== Available records ==
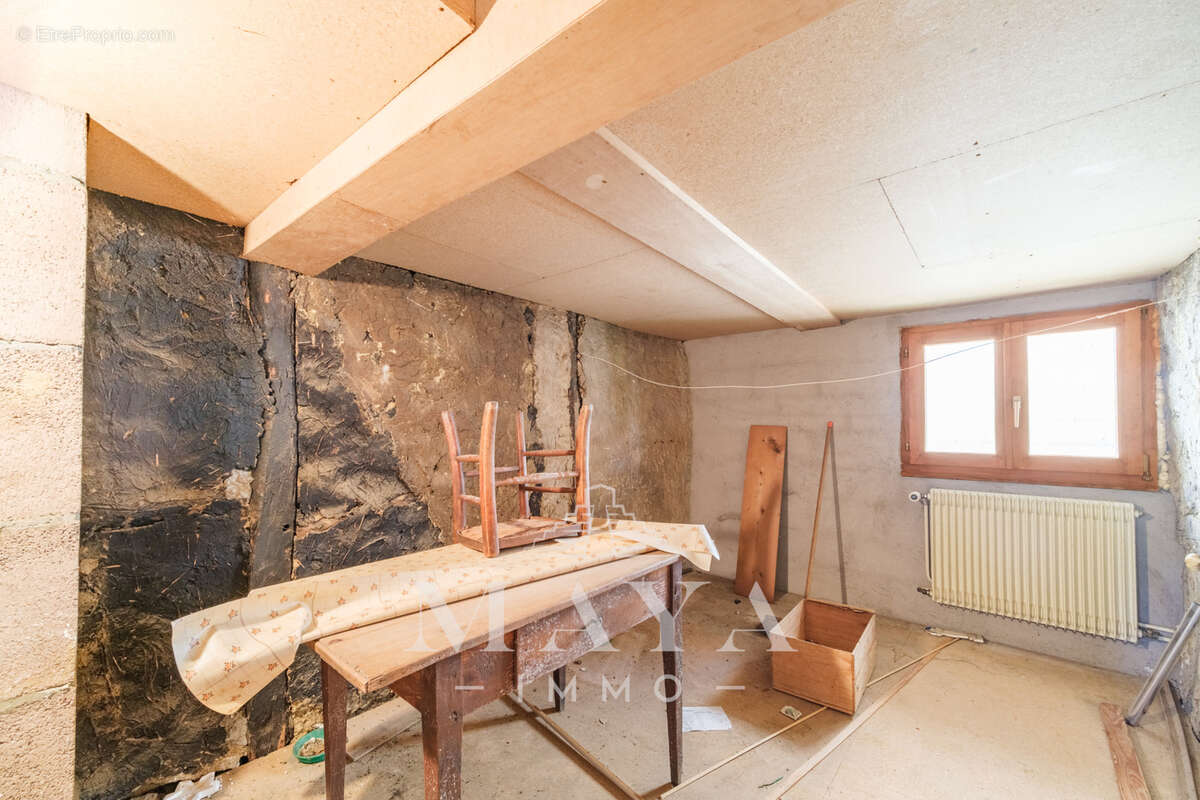 HAUSGAUEN, Maison alsacienne d'une surface de 101m2 - photo 8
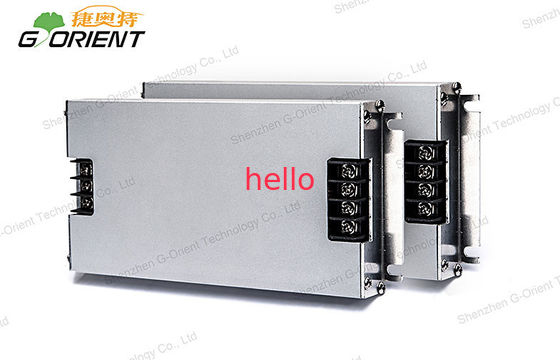 168W Mobil Led 40A Power Supply Ukuran Kecil 168 x 80 x 18mm / power supply tipis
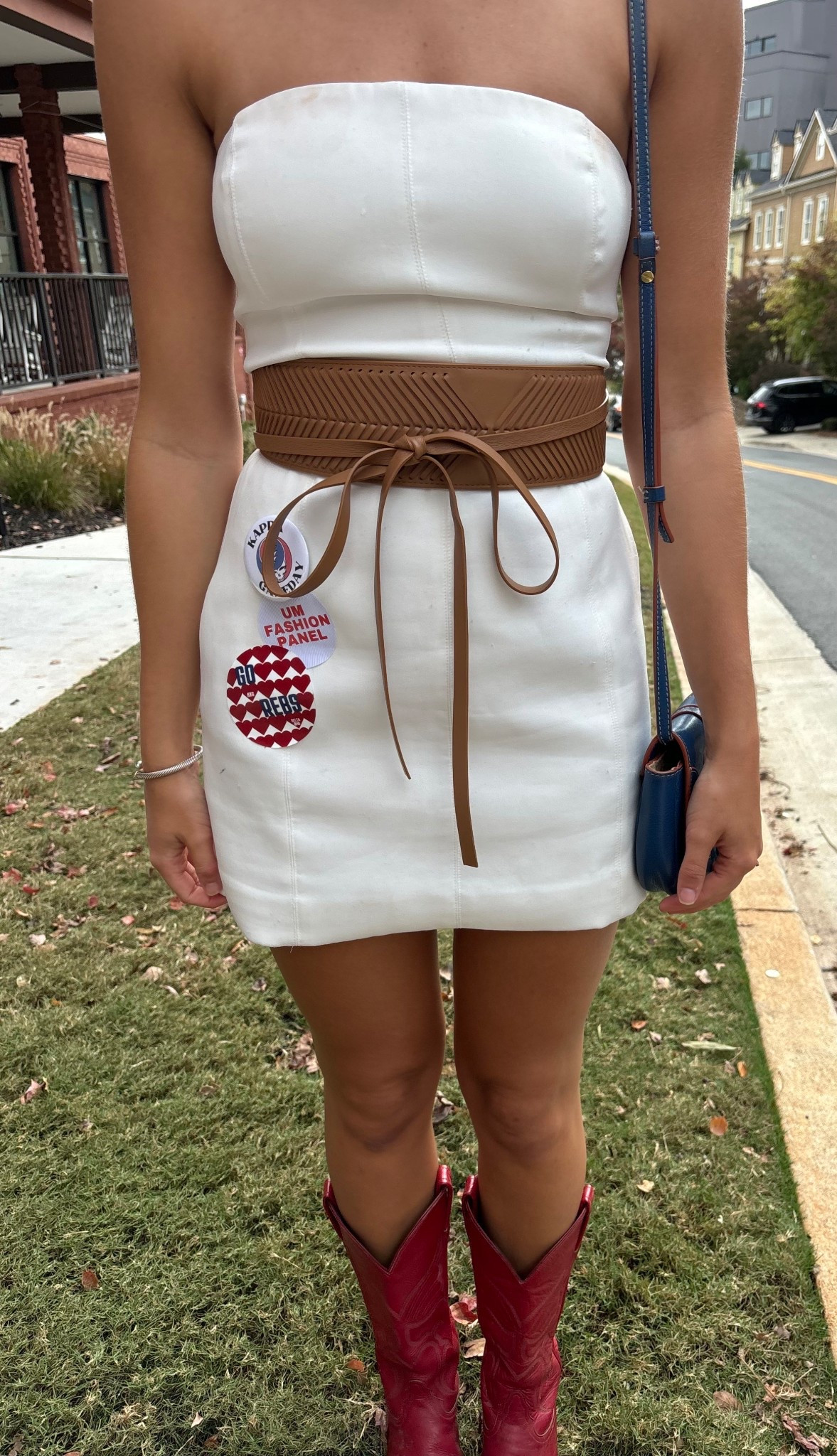 Uga vs. UM Gameday fit with #colliercollective

#LTKU #LTKParties #LTKPetite
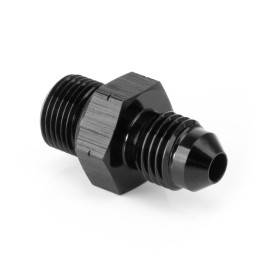 HEL HEL Aluminium -4 AN Male to M12 x 1.00 Male Straight Adapter
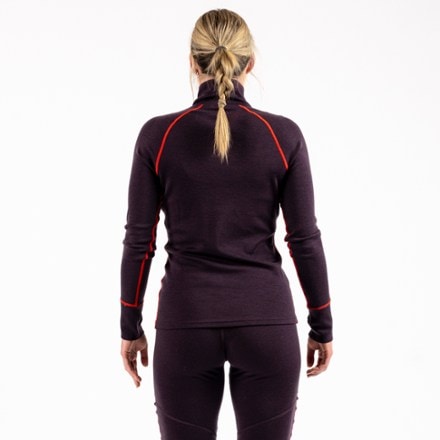 Wild Rye Hailey Half-Zip Base Layer Top - Women's 2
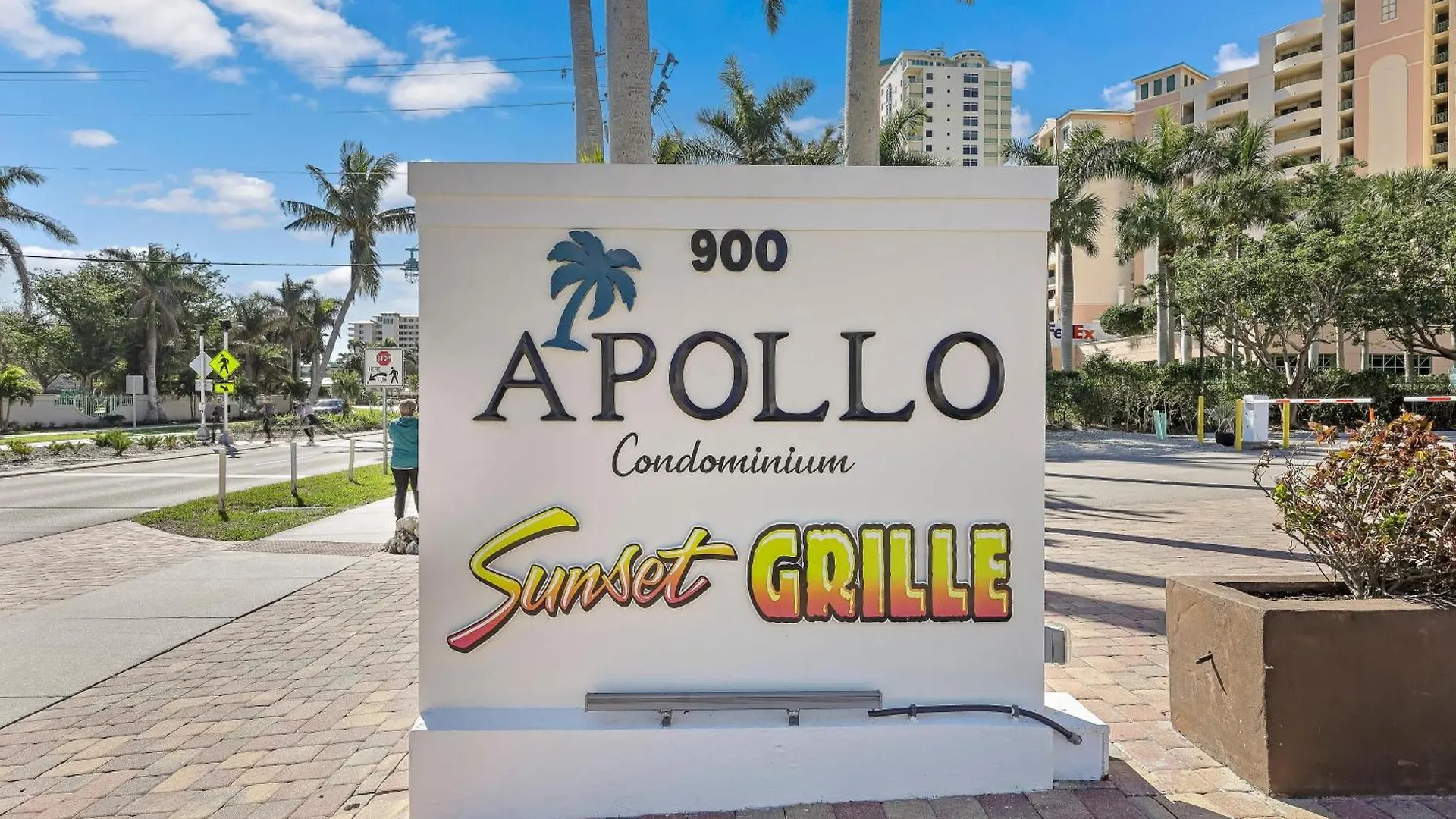 Holiday home Apollo 202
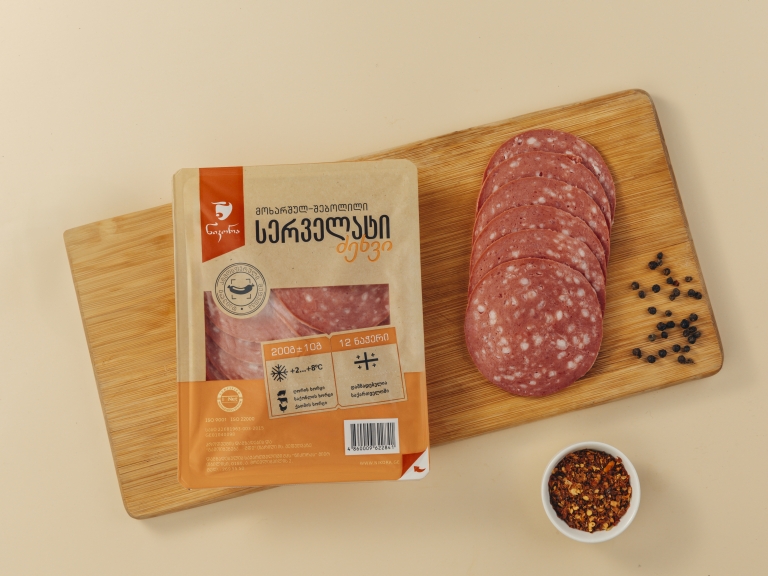 ძეხვი სერველატი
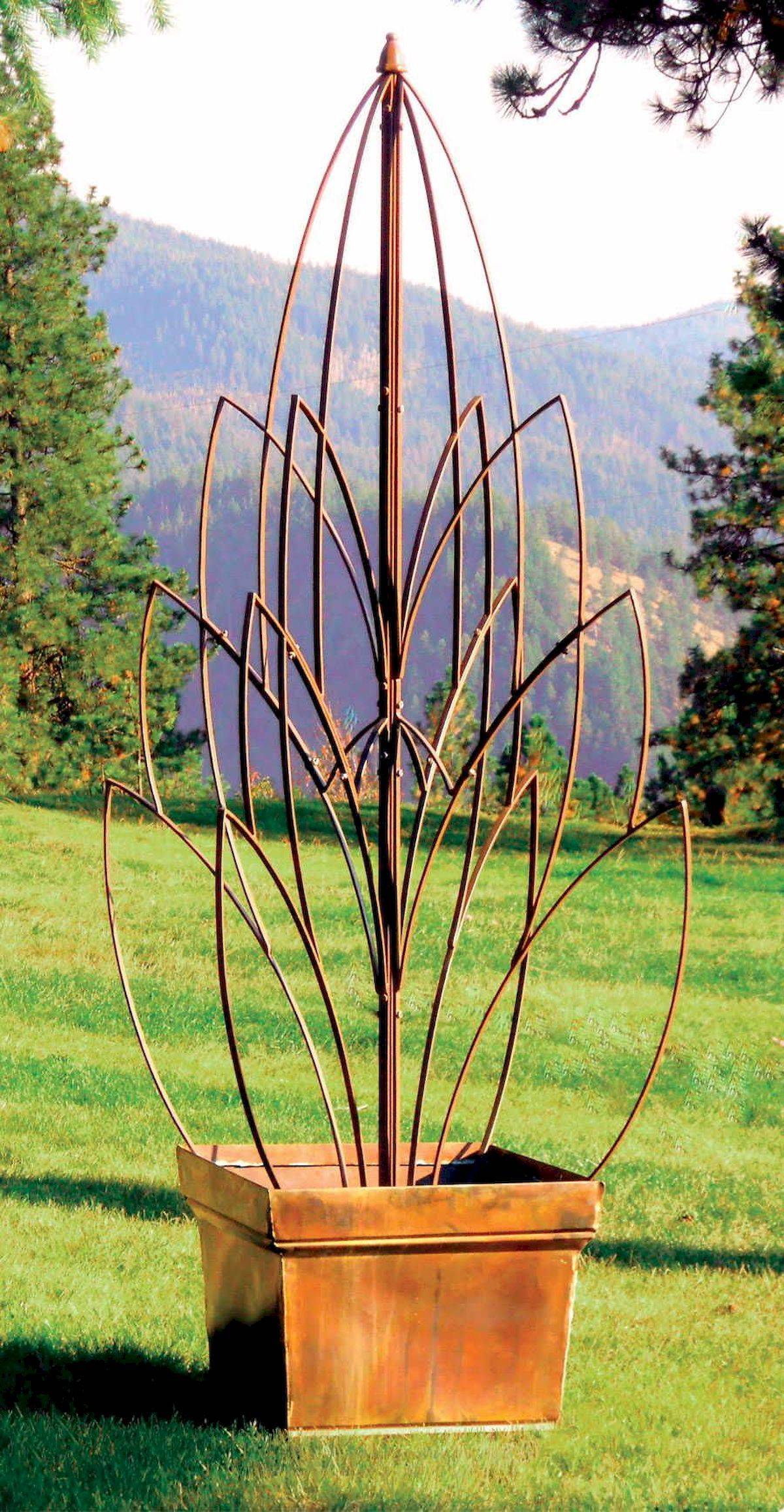 Garden Obelisk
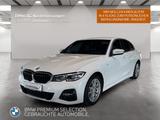 BMW 320i xDrive Limousine M Sport AHK Kamera HiFi - BMW 320 mit Benzin-Antrieb: Weiß, Limousine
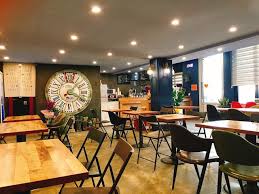 Epic Zoom Backgrounds For Ela How To Use Them In 2020 Coffee Shop Flexible Seating Indoor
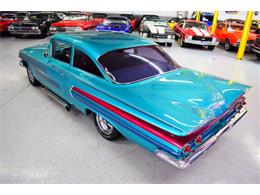 1960 Chevrolet Biscayne (CC-1842727) for sale in Wayne, Michigan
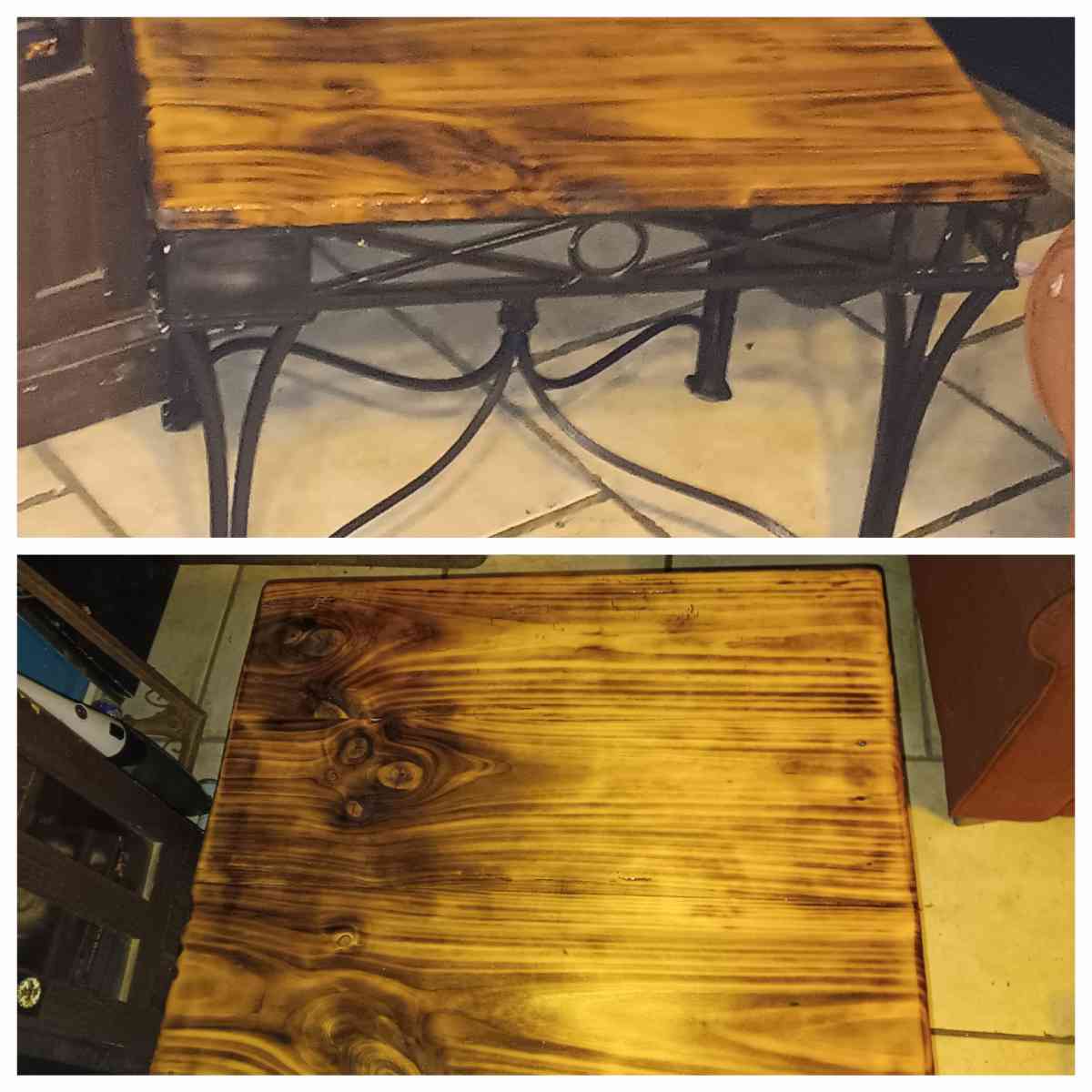 handmade coffee table - Albany, New York - FleaMarketBay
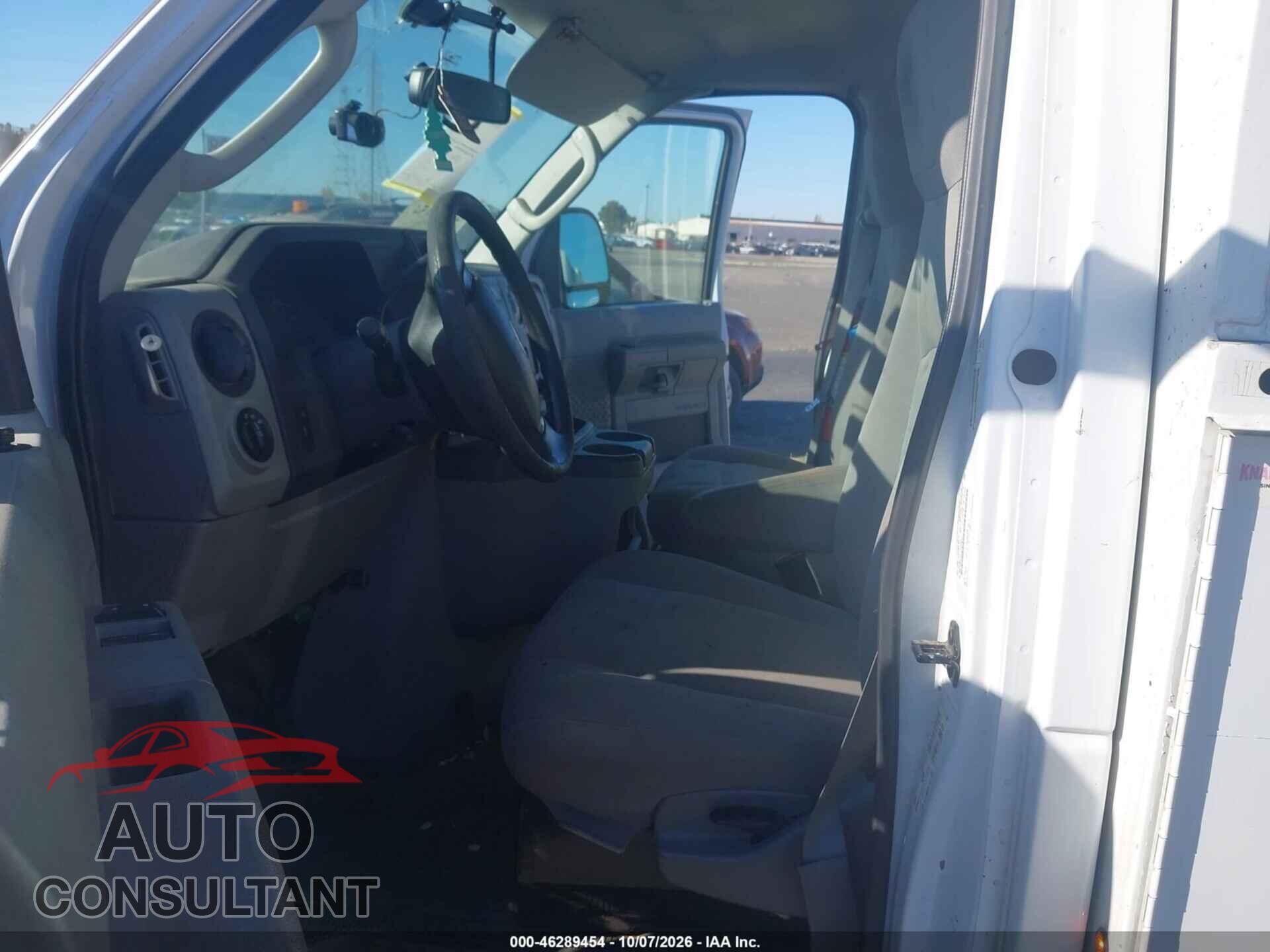 FORD E-350 CUTAWAY 2019 - 1FDWE3F61KDC33644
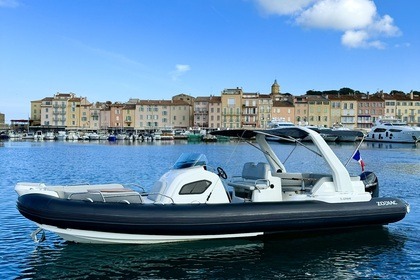 Miete RIB Zodiac Medline 9 Saint-Tropez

== Aim of the exercise ==
The answer must be an exact copy of the lines from the one containing "Epic Zoom Backgrounds" through the last line of the records, with no pictures included.

== Answer space ==
 Epic Zoom Backgrounds For Ela How To Use Them In 2020 Coffee Shop Flexible Seating Indoor
 1960 Chevrolet Biscayne (CC-1842727) for sale in Wayne, Michigan
 handmade coffee table - Albany, New York - FleaMarketBay
 FORD E-350 CUTAWAY 2019 - 1FDWE3F61KDC33644
 Miete RIB Zodiac Medline 9 Saint-Tropez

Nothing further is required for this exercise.